━━ Supplied entries
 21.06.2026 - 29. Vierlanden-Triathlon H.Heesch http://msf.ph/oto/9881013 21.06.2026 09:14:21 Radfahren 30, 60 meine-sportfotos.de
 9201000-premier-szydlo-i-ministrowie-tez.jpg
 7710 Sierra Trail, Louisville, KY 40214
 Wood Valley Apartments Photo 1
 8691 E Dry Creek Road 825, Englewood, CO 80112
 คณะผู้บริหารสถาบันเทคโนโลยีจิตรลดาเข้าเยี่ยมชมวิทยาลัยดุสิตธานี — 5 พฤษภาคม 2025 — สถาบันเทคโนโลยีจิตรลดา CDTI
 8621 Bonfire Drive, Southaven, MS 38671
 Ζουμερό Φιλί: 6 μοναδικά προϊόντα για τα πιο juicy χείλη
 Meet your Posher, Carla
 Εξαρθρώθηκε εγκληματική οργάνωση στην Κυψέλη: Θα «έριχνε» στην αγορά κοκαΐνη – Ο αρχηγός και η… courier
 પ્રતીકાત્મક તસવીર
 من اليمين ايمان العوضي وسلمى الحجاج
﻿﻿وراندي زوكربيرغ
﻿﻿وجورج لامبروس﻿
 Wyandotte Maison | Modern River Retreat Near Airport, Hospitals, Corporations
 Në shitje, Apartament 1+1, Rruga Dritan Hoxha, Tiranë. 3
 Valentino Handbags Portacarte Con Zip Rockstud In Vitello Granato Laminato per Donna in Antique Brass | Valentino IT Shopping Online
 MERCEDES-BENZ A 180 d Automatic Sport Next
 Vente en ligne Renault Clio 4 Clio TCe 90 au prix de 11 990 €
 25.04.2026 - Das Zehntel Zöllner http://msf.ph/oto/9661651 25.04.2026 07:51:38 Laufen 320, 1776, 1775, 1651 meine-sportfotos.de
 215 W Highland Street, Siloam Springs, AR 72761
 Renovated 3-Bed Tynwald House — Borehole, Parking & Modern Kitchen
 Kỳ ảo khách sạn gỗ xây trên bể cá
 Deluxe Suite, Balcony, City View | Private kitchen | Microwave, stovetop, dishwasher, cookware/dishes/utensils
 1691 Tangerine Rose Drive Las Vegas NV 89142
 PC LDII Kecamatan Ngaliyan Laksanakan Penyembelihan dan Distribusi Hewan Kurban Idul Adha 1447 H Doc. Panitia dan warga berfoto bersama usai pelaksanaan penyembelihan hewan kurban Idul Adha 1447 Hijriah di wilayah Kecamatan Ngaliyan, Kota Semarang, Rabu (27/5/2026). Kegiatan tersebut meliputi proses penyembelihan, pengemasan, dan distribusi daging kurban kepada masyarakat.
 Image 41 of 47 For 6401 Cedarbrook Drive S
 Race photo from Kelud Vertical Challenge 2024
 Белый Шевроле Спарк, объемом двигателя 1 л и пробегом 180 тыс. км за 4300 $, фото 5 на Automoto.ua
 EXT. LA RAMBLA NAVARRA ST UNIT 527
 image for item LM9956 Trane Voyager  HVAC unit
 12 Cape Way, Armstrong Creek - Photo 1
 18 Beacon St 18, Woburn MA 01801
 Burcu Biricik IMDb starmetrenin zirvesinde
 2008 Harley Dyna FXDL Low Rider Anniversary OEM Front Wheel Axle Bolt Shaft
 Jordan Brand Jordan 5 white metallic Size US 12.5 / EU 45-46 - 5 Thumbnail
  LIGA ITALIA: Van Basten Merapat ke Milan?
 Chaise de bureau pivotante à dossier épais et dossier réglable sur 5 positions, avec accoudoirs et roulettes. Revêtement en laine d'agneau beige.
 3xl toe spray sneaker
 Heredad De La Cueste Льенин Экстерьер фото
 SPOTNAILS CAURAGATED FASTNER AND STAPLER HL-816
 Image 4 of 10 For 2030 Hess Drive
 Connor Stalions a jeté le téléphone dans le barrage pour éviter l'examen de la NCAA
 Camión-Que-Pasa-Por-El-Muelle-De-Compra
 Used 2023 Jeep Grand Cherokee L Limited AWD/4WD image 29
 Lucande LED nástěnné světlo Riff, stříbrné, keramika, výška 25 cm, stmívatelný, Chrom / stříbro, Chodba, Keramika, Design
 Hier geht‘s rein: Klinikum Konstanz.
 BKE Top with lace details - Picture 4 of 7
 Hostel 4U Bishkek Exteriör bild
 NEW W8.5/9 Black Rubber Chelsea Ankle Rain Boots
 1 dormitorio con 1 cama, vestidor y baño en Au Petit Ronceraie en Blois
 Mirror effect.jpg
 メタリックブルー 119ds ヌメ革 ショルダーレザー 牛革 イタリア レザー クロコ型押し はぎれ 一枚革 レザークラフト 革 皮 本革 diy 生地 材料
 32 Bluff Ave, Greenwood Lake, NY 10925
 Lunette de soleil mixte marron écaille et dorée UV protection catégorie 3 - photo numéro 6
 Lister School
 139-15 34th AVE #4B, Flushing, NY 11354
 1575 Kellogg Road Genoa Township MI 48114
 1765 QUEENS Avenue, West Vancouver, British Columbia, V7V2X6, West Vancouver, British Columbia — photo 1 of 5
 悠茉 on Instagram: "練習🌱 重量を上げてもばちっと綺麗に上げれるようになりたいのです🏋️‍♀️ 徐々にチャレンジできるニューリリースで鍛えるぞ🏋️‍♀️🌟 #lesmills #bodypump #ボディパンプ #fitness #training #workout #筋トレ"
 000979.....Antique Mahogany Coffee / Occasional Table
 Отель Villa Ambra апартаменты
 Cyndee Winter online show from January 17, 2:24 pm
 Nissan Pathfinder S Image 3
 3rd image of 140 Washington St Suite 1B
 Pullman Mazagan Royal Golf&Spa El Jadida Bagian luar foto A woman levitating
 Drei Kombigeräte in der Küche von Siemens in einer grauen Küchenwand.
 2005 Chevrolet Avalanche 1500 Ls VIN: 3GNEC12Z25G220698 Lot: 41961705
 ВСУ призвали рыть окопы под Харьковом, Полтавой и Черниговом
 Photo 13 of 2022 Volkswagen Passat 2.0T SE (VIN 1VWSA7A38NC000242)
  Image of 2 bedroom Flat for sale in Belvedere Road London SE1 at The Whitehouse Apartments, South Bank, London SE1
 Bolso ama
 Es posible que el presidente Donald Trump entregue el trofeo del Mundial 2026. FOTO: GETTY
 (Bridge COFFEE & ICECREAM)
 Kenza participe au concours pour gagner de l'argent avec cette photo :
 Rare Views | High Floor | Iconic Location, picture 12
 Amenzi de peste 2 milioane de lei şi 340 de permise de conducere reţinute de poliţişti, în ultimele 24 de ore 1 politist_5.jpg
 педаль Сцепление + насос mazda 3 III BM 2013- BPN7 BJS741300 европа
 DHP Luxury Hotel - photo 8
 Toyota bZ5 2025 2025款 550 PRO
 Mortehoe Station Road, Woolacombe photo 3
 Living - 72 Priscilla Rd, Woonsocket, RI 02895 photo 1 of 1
━━━━
Take the records above and return, word for word, only the lines that fall from the line with "SPOTNAILS CAURAGATED FASTNER" to the line with "Hier geht‘s rein: Klinikum Konstanz.", both of them included.

• [Written reply]:
 SPOTNAILS CAURAGATED FASTNER AND STAPLER HL-816
 Image 4 of 10 For 2030 Hess Drive
 Connor Stalions a jeté le téléphone dans le barrage pour éviter l'examen de la NCAA
 Camión-Que-Pasa-Por-El-Muelle-De-Compra
 Used 2023 Jeep Grand Cherokee L Limited AWD/4WD image 29
 Lucande LED nástěnné světlo Riff, stříbrné, keramika, výška 25 cm, stmívatelný, Chrom / stříbro, Chodba, Keramika, Design
 Hier geht‘s rein: Klinikum Konstanz.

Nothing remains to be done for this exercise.